The Central Texas Groundwater Conservation District Board of Directors voted to commission a study of Burnet County’s groundwater quality and availability. General Manager Mitchell Sodek (left) on May 20 reviewed the agenda alongside board members Homer Will and Ricky Bindseil, board President Ryan Rowney, attorney Bill Dugat, board members Kathy Griffis and Paul King, and district technician Shrader Davis. Staff photo by Dakota Morrissiey
Current drought conditions and developmental pressures might be impacting the water supply in Burnet County, directors of the Central Texas Groundwater Conservation District learned during the board’s regular meeting Friday, May 20. After a presentation by General Manager Mitchell Sodek, directors voted to commission a study to determine the state of the county’s groundwater.
The district meets monthly in its offices at 225 S. Pierce on the courthouse square in Burnet.
“We’re doing a conceptual model of the major and minor aquifers of Burnet County, and that will help us to compile the data we have collected over the past 15 years into a working understanding of the aquifers,” Sodek said at the meeting. “How much water is available, what the structure of those aquifers are, how deep they are, how thick they are, where do they go, how fast does the water moves, how do individual wells affect other wells will really help us understand the hydrogeology of Burnet County.”
Rapid development of subdivisions in Burnet County fueled the need for the study of groundwater availability. The conservation district reported that roughly 50 well applications have come in per month since December 2021 and new well drilling often sees wait times of over six months.
“The development in the past two years has exploded,” Sodek said. “We have had exponential growth in rural subdivisions, or ranchettes, anywhere from 2- to 10-acre tracts — they can be hundreds of tracts in some cases.
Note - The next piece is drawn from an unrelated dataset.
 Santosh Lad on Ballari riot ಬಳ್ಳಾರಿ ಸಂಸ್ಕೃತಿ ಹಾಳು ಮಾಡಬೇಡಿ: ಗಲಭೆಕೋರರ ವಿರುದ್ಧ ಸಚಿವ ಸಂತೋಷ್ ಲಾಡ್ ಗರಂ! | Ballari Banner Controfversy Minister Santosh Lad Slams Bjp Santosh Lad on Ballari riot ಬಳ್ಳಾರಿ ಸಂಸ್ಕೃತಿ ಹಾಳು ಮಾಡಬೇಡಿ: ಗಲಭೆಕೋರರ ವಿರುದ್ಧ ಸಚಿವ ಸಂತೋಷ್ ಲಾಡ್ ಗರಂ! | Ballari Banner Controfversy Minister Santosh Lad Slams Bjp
They are almost primarily served by private individual wells.”
The high density of wells in a small area can impact localized groundwater, Sodek continued. “Water availability is a big factor on the county level, which is why the county is involved in this project.”
Subdivision developers dependent on groundwater must determine if water availability is sufficient and of good quality before moving forward.
“This data will be used to support those decisions for water planning,” Sodek said.
The study will focus on the Trinity Aquifer and the Llano Uplift Aquifer System, both of which feed Burnet County. Eastern Burnet County draws from the Trinity, while western Burnet County draws from the LUAS.
The conservation district is hiring Intera Geoscience & Engineering Solutions to conduct a regional assessment of groundwater resources in Burnet County using existing data collected from hundreds of wells over the past 10 years. The associated costs for the project is $99,580. Funding, recently approved by the Burnet County Commissioners Court, will come from the American Rescue Plan Act (ARPA).
“We’re trying to get ahead of it by making sure that there is water there for 30-plus years of development,” Sodek said.